Single by Ian Moss

from the album Matchbook
- B-side: "Islands"
- Released: 7 November 1988
- Studio: Ocean Way Recording (Los Angeles)
- Genre: Rock
- Length: 4:36
- Label: Mushroom
- Songwriters: Ian Moss; Don Walker;
- Producers: Chris Lord-Alge; Ian Moss;

Ian Moss singles chronology
|  | "Tucker's Daughter" (1988) | "Telephone Booth" (1989) |

= Tucker's Daughter =

1988 single by Ian Moss

"Tucker's Daughter" is a song by Australian rock singer and guitarist Ian Moss. It was released as his debut solo single in November 1988, almost five years after his group, Cold Chisel, had disbanded for the first time. It was co-written by Moss and Don Walker (also from Cold Chisel). The song was the lead single from Moss' debut studio album, Matchbook (1989).

==Background and lyrics==
The lyrics of "Tucker's Daughter" tell the story of a farm labourer who finds himself the attention of his employer's daughter, but he does not return her affections. Moss had initially written the music to the song less than a fortnight before recording on his debut album was about to commence. He said, "I was pretty confident I had a good hit here. I was literally running around the house going 'yahoo!', jumping up and clicking my heels."

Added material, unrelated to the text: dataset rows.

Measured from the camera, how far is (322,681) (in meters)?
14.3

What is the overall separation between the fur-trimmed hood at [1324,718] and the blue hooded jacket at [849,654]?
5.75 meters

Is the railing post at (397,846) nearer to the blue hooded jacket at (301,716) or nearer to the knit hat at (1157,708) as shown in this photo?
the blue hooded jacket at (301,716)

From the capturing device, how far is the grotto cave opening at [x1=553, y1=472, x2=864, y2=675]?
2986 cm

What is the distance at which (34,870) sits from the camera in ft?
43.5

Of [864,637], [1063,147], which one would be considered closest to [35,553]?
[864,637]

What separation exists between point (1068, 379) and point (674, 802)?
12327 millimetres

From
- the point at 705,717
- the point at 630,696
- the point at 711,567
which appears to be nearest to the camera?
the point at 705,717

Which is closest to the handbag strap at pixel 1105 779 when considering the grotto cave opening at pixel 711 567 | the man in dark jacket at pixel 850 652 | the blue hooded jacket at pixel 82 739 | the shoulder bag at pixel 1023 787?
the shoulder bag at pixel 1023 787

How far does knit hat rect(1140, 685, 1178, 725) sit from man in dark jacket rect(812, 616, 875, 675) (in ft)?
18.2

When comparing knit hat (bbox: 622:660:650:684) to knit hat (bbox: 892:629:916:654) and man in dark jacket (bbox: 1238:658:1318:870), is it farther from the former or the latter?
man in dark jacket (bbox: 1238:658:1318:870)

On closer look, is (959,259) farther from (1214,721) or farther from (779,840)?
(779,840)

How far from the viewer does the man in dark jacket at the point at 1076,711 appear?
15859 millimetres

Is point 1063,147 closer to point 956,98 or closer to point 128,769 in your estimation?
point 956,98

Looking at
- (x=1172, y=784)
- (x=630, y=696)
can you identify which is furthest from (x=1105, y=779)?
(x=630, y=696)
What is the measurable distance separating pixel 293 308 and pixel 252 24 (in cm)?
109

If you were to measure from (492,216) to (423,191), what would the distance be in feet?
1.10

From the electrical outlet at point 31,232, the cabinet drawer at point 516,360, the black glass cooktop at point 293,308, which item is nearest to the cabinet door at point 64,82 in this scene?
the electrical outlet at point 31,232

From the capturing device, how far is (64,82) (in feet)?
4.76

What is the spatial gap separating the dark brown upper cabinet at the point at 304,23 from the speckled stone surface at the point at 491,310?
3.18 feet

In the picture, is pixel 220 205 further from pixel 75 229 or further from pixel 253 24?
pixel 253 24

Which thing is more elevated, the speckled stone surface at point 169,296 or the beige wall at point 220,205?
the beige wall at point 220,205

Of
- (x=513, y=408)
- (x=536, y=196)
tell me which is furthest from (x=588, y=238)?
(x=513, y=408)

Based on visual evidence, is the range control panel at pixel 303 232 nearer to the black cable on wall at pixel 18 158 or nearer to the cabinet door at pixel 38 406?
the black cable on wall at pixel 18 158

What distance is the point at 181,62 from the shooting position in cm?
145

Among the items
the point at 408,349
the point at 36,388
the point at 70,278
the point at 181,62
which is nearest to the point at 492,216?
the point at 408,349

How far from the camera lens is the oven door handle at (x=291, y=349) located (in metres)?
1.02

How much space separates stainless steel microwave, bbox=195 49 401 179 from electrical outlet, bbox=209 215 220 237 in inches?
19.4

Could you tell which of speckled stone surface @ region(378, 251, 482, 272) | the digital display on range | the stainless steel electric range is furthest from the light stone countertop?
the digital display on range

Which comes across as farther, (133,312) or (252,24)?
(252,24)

Walker described in 2005 how Moss had sent him pieces of music including certain phrases that he wanted included in places within the song, "Ian sent "Tucker's Daughter" on a cassette [by] express airmail from Los Angeles where he was, and he had the melody but the only lyric he had was, 'Hey there, motherfucker.' Right through the rest of the song. I couldn't use that, but I recognized that it had a certain percussive force".

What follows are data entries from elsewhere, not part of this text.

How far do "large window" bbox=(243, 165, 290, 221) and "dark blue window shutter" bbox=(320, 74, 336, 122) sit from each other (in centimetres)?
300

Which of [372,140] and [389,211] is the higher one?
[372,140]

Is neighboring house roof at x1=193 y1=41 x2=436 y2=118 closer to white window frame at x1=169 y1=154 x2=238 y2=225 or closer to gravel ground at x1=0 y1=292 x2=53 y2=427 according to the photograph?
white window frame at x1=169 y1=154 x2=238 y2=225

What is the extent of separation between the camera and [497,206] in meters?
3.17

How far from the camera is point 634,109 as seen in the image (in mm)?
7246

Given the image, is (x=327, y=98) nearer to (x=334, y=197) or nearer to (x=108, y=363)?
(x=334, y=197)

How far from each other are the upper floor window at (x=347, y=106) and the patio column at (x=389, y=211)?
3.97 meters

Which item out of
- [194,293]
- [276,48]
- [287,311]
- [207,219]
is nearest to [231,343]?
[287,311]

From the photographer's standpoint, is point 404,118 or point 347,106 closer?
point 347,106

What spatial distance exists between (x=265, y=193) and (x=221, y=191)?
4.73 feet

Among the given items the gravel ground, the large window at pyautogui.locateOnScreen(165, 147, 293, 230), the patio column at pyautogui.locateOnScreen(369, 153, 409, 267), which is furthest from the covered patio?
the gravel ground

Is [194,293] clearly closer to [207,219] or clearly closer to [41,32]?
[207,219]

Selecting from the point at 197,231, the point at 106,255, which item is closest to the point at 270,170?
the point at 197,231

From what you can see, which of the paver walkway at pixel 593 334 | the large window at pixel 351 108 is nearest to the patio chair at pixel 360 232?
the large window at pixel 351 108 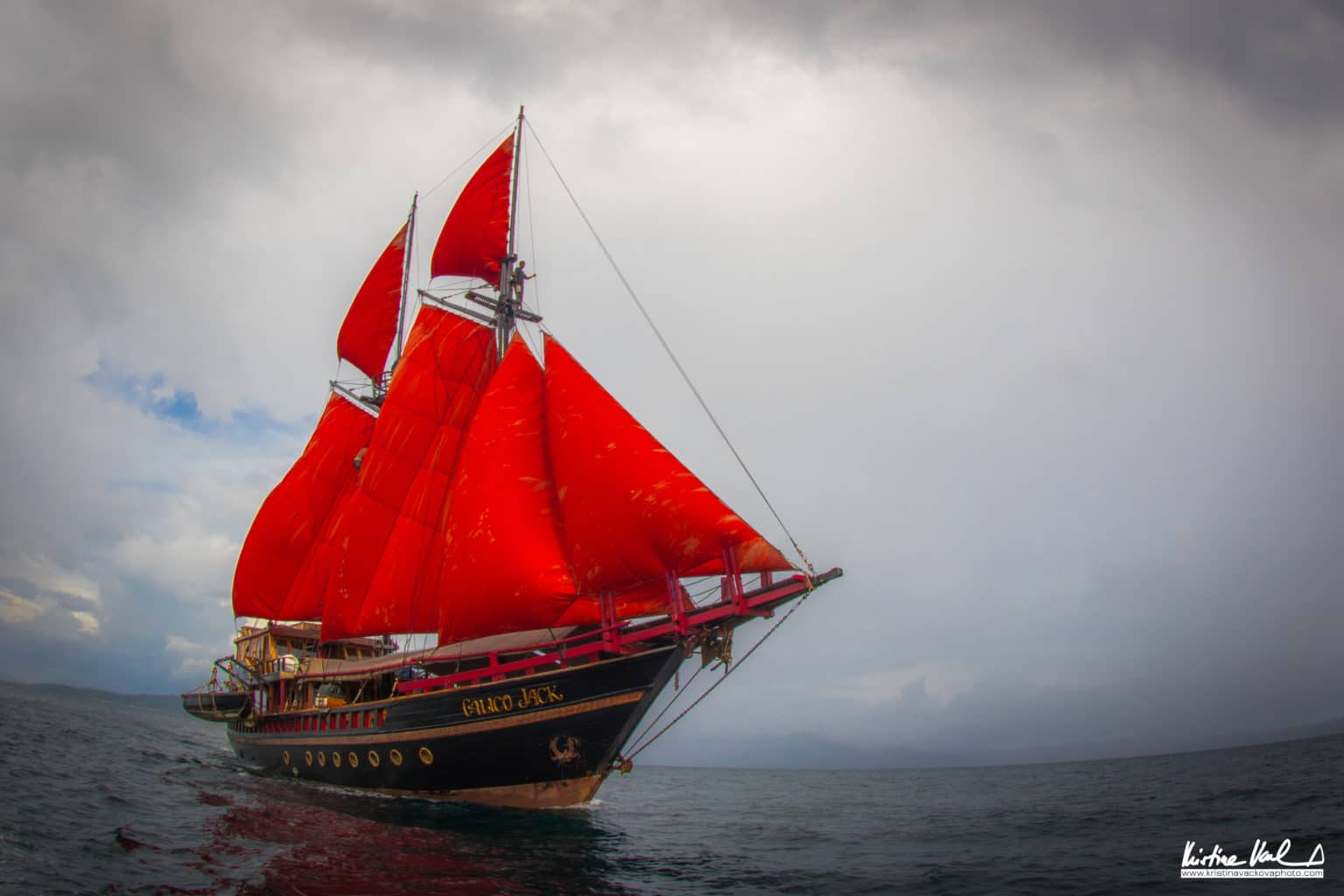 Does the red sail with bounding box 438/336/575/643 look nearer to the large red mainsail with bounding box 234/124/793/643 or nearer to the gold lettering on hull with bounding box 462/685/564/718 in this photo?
the large red mainsail with bounding box 234/124/793/643

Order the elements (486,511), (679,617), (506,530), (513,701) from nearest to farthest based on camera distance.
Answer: (679,617) → (513,701) → (506,530) → (486,511)

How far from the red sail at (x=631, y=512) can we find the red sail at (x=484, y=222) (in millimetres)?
13857

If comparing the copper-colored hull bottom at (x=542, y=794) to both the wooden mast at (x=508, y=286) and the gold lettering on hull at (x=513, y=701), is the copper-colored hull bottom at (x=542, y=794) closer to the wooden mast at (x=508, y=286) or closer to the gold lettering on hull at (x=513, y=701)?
the gold lettering on hull at (x=513, y=701)

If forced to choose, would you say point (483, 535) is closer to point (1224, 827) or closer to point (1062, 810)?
point (1224, 827)

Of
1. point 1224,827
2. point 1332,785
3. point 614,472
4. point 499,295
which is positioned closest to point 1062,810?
point 1224,827

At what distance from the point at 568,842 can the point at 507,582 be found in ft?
22.4

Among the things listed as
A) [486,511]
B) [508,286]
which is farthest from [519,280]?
[486,511]

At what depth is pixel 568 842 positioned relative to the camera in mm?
16625

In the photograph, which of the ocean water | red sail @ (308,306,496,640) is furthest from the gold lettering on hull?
red sail @ (308,306,496,640)

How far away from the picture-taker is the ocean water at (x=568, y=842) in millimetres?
12406

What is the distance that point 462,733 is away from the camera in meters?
20.8

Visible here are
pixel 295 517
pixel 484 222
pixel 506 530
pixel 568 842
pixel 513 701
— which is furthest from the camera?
pixel 295 517

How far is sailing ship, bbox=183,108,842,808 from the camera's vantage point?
19.1 meters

In September 2007, Moss told a reporter at The Herald Sun newspaper that he was dissatisfied with his entry at Wikipedia: "About 95 per cent of the stories I read say Don Walker wrote it, but I wrote it too. I wrote the music and the punch line. 'Build me up, tear me down'. I'm not sure how to edit Wikipedia, but I will get on to that and change it."

==Reception==
At the ARIA Music Awards of 1990, "Tucker's Daughter" was nominated for three awards and won two: Breakthrough Artist – Single and Song of the Year. The song was also nominated for Single of the Year. In January 2018, as part of Triple M's "Ozzest 100", the 'most Australian' songs of all time, "Tucker's Daughter" was ranked number 99.

==Music video==
The start of the video depicts Tucker's daughter, a young woman, walking through a field. Several scenes feature Ian Moss singing and playing his guitar inside a barn. Although Moss does not react to the woman's affection in the lyrics; three black and white scenes during the video depict the two having a romantic encounter.

==Charts==

===Weekly charts===

| Chart (1989) | Peak position |
|---|---|
| Australia (ARIA) | 2 |
| New Zealand (Recorded Music NZ) | 6 |

===Year-end charts===

| Chart (1989) | Position |
|---|---|
| Australia (ARIA) | 15 |

==Certifications==

| Region | Certification | Certified units/sales |
| Australia (ARIA) | Platinum | 70,000^{^} |
^{^} Shipments figures based on certification alone.